# Work request:
In the listing beneath this line, copy exactly the lines starting with the one containing "Australia New Zealand" and going on through the one containing "Six Stories White".

━━━

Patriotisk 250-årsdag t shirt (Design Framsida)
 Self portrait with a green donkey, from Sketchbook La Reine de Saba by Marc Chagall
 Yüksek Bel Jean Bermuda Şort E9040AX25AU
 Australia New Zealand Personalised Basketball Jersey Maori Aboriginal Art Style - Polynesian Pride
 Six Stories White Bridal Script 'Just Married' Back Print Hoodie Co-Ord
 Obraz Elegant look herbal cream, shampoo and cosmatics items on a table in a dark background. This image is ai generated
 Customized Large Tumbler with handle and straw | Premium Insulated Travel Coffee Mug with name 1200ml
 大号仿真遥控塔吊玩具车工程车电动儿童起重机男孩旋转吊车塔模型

━━━

# Final answer:
 Australia New Zealand Personalised Basketball Jersey Maori Aboriginal Art Style - Polynesian Pride
 Six Stories White Bridal Script 'Just Married' Back Print Hoodie Co-Ord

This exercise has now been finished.